Data block

===

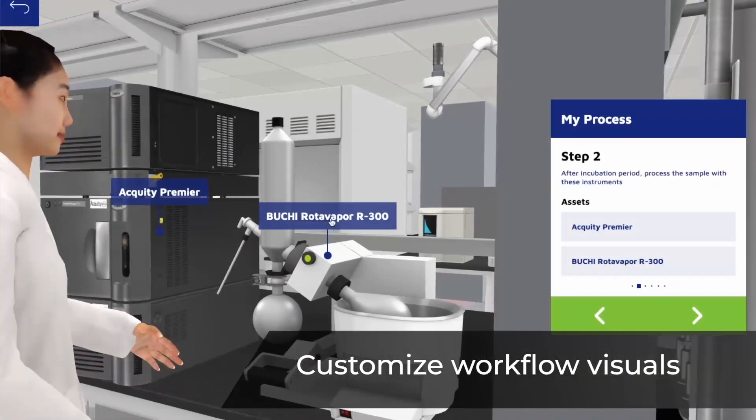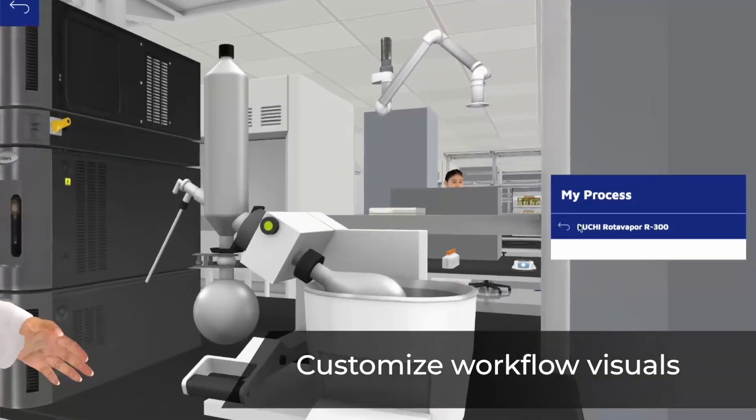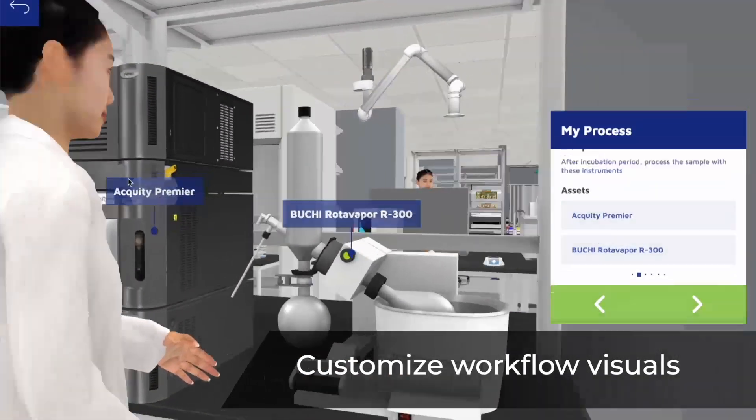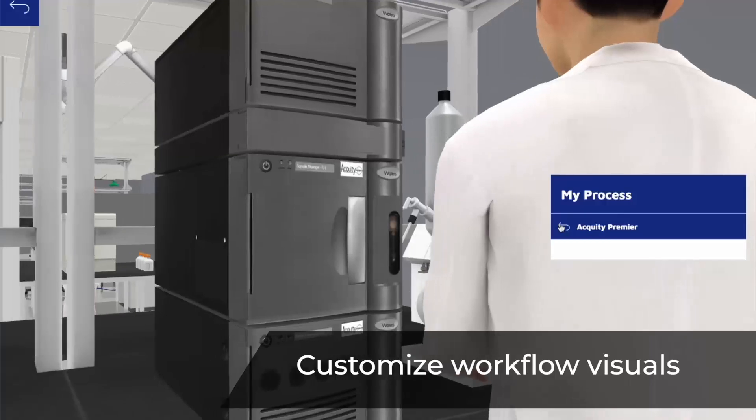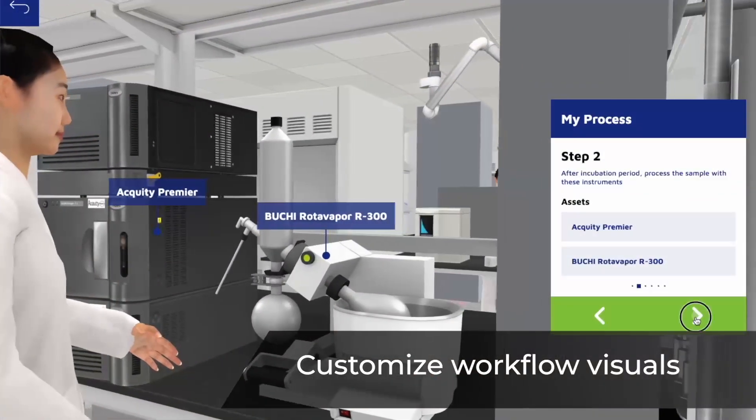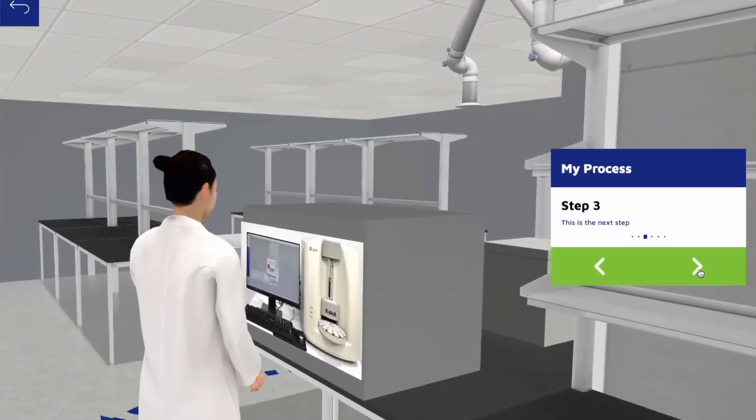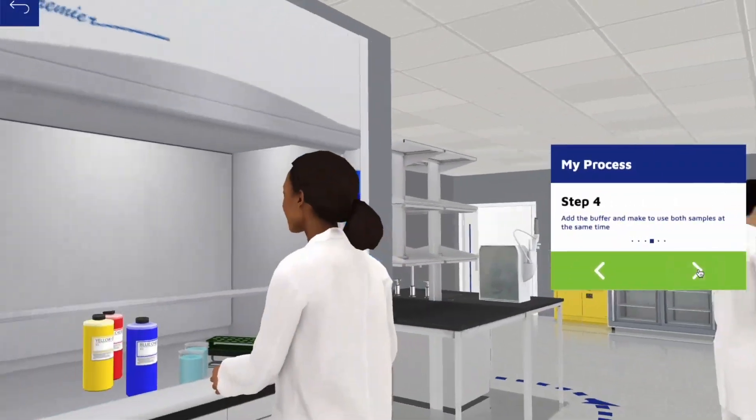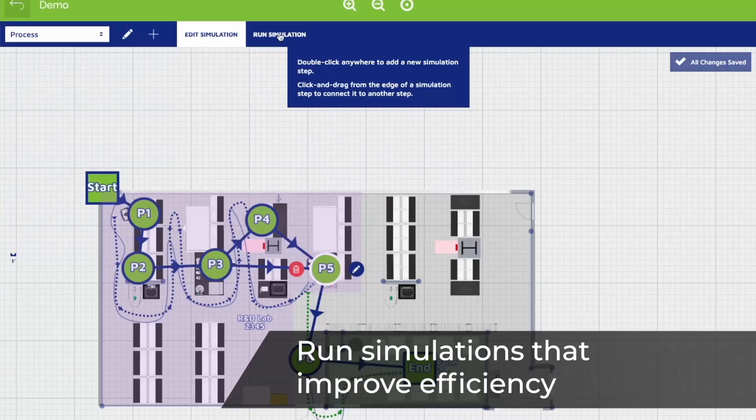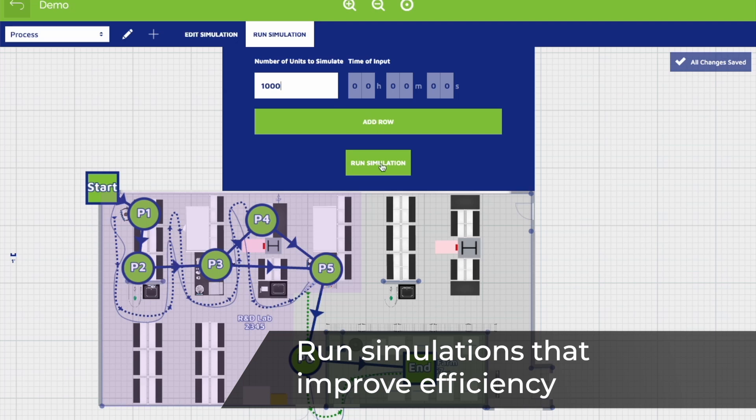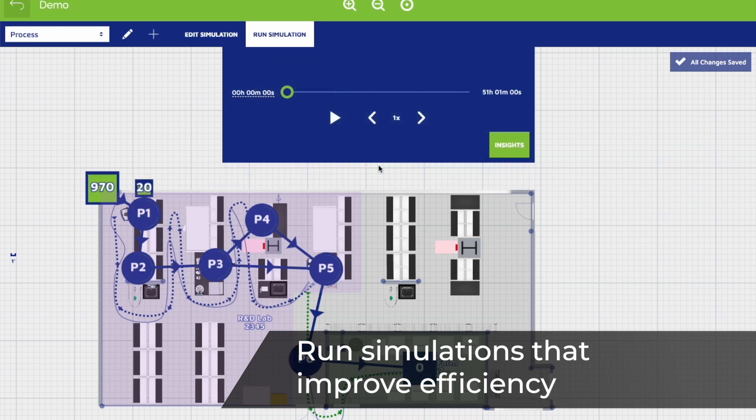Turn complexity into clarity. Guide teams with interactive step-by-step workflows. Test before you build. Simulate workflows to spot inefficiencies and improve throughput.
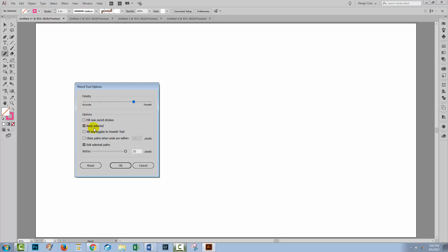I have selected 'Keep Selected', so that means when I draw a pencil line and finish drawing it, it's going to stay selected. I also want to be able to edit selected paths, so I'm not only going to keep my lines selected but I can also change them. I'm also going to select the option to close paths when ends are within 15 pixels — I could change that amount but 15 is pretty good — and this will mean that my paths will close automatically. So I'm just going to go with these settings and click OK.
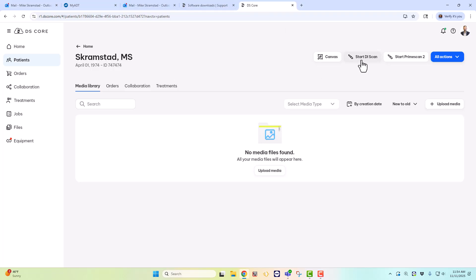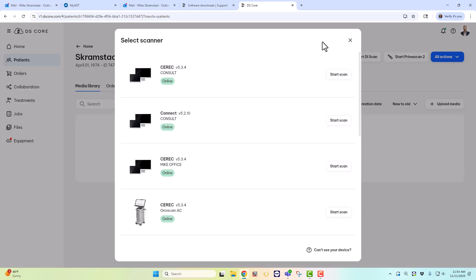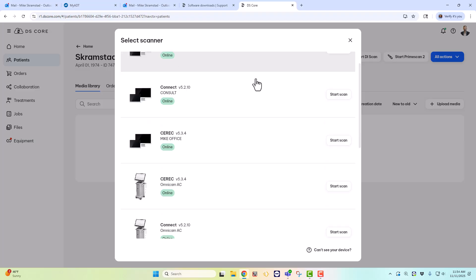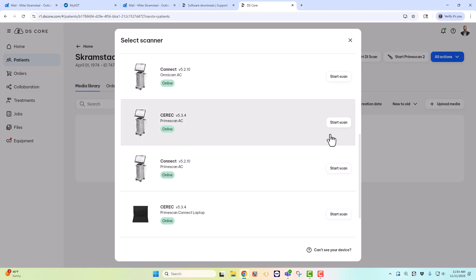Select Start DI Scan. Now if you have the PrimeScan 2, of course we're going to use the PrimeScan 2. But if we start DI Scan, then it's going to basically select every scanner you have available in your office. Now let's say I want to scan on the PrimeScan AC, which is the Acquisition Center, I can either scan in the CEREC software or the Connect software. Now once I select Start Scan, this software with the correct patient name, date of birth, all that stuff, is going to open up remotely on that PrimeScan AC and allow you to scan. Once you're done scanning, that scan will automatically sync to the correct location on DS-Core.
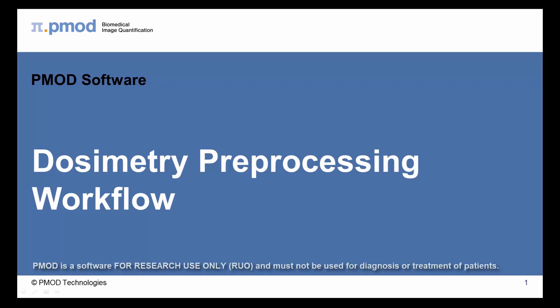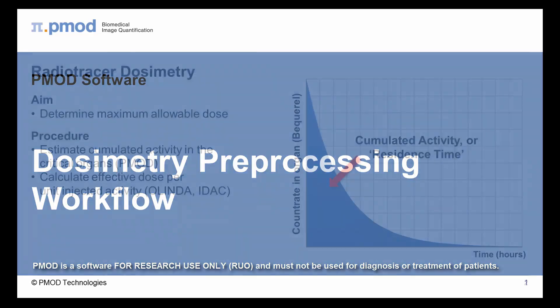Hello and welcome to the PMOD introductory series. In this short video we will provide a brief overview of the PMOD workflow for dosimetry preprocessing.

===

An exact copy of the listing is required, excluding any pictures.

Turn complexity into clarity. Guide teams with interactive step-by-step workflows. Test before you build. Simulate workflows to spot inefficiencies and improve throughput.
I have selected 'Keep Selected', so that means when I draw a pencil line and finish drawing it, it's going to stay selected. I also want to be able to edit selected paths, so I'm not only going to keep my lines selected but I can also change them. I'm also going to select the option to close paths when ends are within 15 pixels — I could change that amount but 15 is pretty good — and this will mean that my paths will close automatically. So I'm just going to go with these settings and click OK.
Select Start DI Scan. Now if you have the PrimeScan 2, of course we're going to use the PrimeScan 2. But if we start DI Scan, then it's going to basically select every scanner you have available in your office. Now let's say I want to scan on the PrimeScan AC, which is the Acquisition Center, I can either scan in the CEREC software or the Connect software. Now once I select Start Scan, this software with the correct patient name, date of birth, all that stuff, is going to open up remotely on that PrimeScan AC and allow you to scan. Once you're done scanning, that scan will automatically sync to the correct location on DS-Core.
Hello and welcome to the PMOD introductory series. In this short video we will provide a brief overview of the PMOD workflow for dosimetry preprocessing.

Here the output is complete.